A 11ª Turma do Tribunal Regional do Trabalho da 3ª Região (TRT-3) anulou a sentença que havia aplicado a pena de confissão ficta a uma trabalhadora impedida de participar de audiência telepresencial em razão de falhas técnicas de acesso. O colegiado entendeu que a decisão de primeiro grau violou os princípios do devido processo legal, do contraditório e da ampla defesa, determinando a reabertura da instrução processual.
A ação foi proposta pela trabalhadora contra a empresa Tim. Na audiência inicial, realizada em abril de 2025, as partes concordaram que a audiência de instrução seria realizada por videoconferência.

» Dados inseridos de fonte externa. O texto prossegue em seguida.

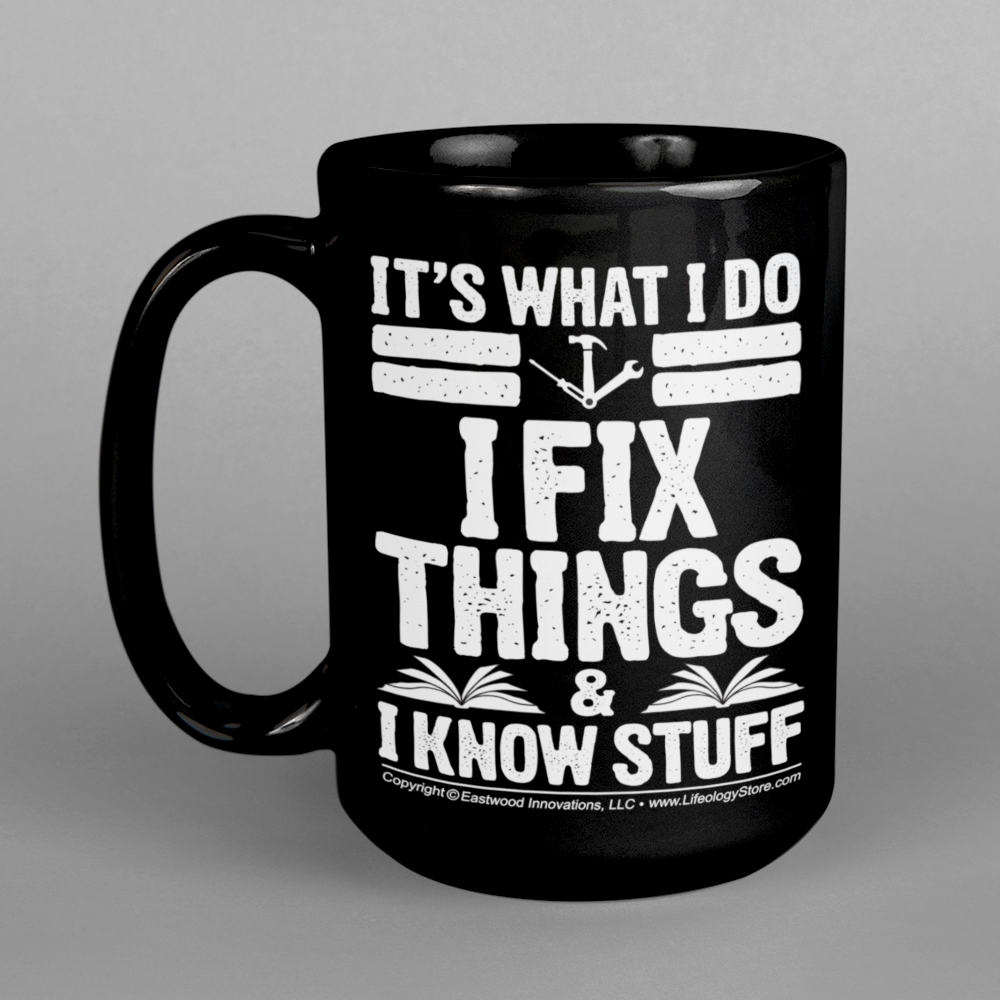 Fix Things Know Stuff Mug • RH • Black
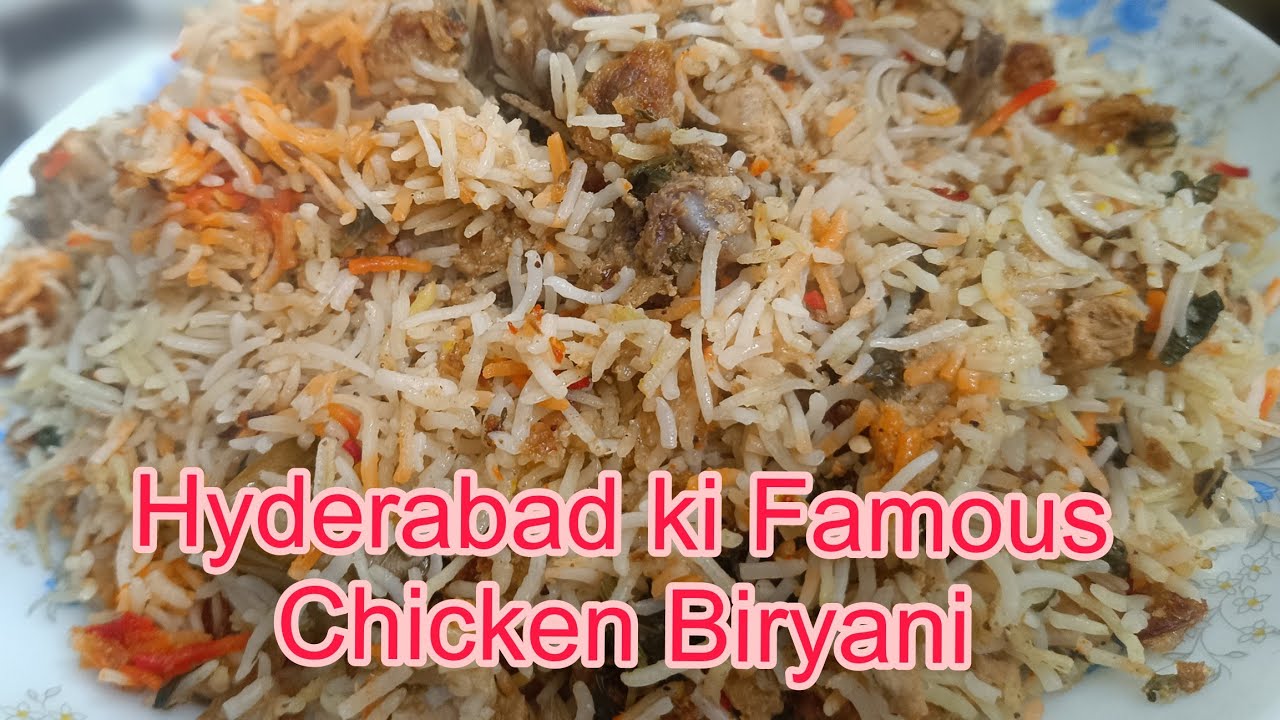 Hyderabad ki  FamousBiryani# Dawaton wali Chicken Hyderabadi Biryani#restaurent_style #food #yummy.🥰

No dia designado para o ato, entretanto, a reclamante não conseguiu ingressar na sala virtual. Durante a audiência, seu advogado informou ao juízo que a cliente tentava acessar a plataforma, mas enfrentava problemas técnicos, e requereu o adiamento da sessão.
O pedido foi indeferido. A magistrada de primeiro grau entendeu que as dificuldades de conexão não justificavam o adiamento, uma vez que a modalidade telepresencial havia sido escolhida pelas próprias partes. Em consequência, a trabalhadora foi considerada ausente, sofreu a aplicação da pena de confissão ficta e teve julgados improcedentes os pedidos relativos a comissões, horas extras, intervalo intrajornada e reversão da justa causa.
Cerceamento de defesa
Ao analisar o recurso, o relator, juiz convocado Marcelo Oliveira da Silva, destacou que a condução do processo deve observar as garantias constitucionais do devido processo legal, do contraditório e da ampla defesa.
O magistrado ressaltou que o artigo 844, § 1º, da Consolidação das Leis do Trabalho (CLT) autoriza o adiamento da audiência diante de motivo relevante. Além disso, observou que a Resolução nº 354/2020 do Conselho Nacional de Justiça (CNJ) admite a repetição de atos processuais quando houver impossibilidade técnica que impeça a participação da parte, desde que a situação seja devidamente justificada.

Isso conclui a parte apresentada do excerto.